Harold Edgerton was a professor of electrical engineering at M.I.T. who pioneered the use of stroboscopic lights in photography, especially as a means of capturing objects that were moving much too fast to be seen by the human eye. Take this photo of a bullet passing through an apple. Thanks to Dr. Edgerton's work, we can plainly see the moment when the bullet pierces the apple, which would be impossible to see otherwise.
In the following photo, we can see another moment normally invisible to the eye: a golf ball indented by the club at the moment of impact!
Perhaps the most striking images are those he captured for the military as they were testing the atomic bomb. Here is a set of three photographs taken at a speed of 1/100,000,000th of a second:
Above you see the first millionth of a second after the detonation.
In the next millisecond you can see the bomb's energy traveling down the tower's guide wires as the rest of it vaporizes the tower. The desert floor below is instantly transformed into a sea of glass.

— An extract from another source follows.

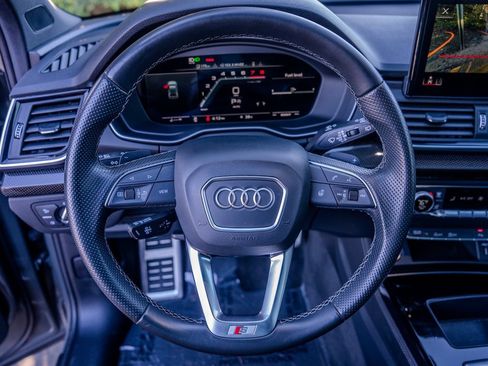 Used 2023 Audi SQ5 Premium Plus w/ Premium Plus Package image 5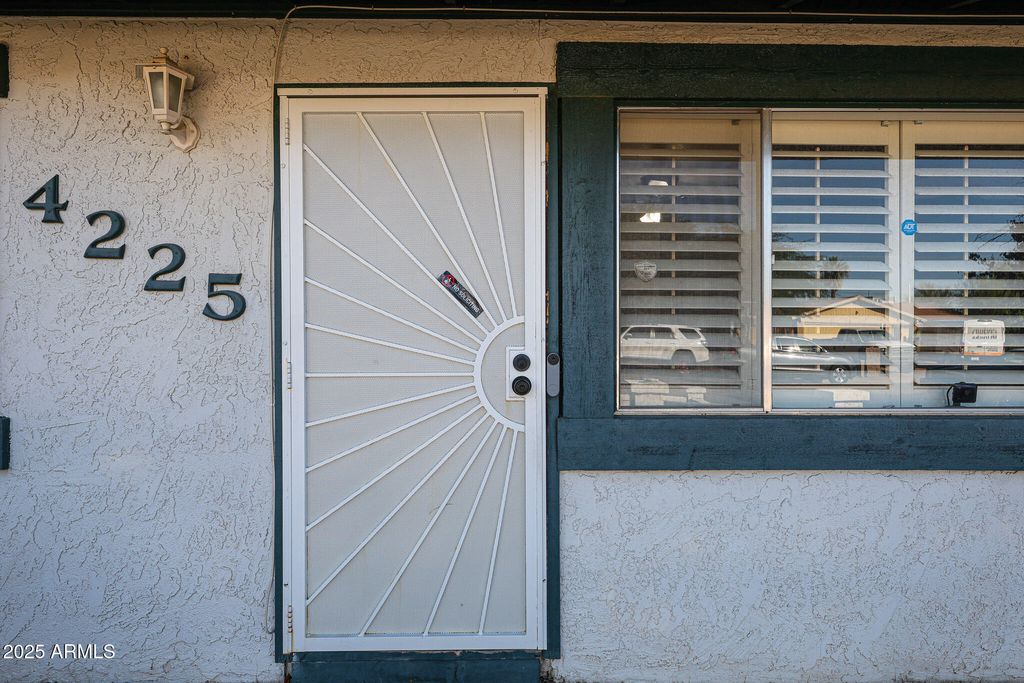 Photo of 4225 W Griswold Road, Phoenix, AZ 85051 (MLS # 6952350)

A millionth of a second later, the sphere of nuclear destruction completely engulfs the surrounding area, including the Joshua Trees you see silhouetted at ground level which will cease to exist in the next millisecond!
Thanks to the pioneering work of Harold Edgerton, we can now see things that were previously unknown to us, and the techniques he invented are now being used the world over to better understand the amazing world in which we live.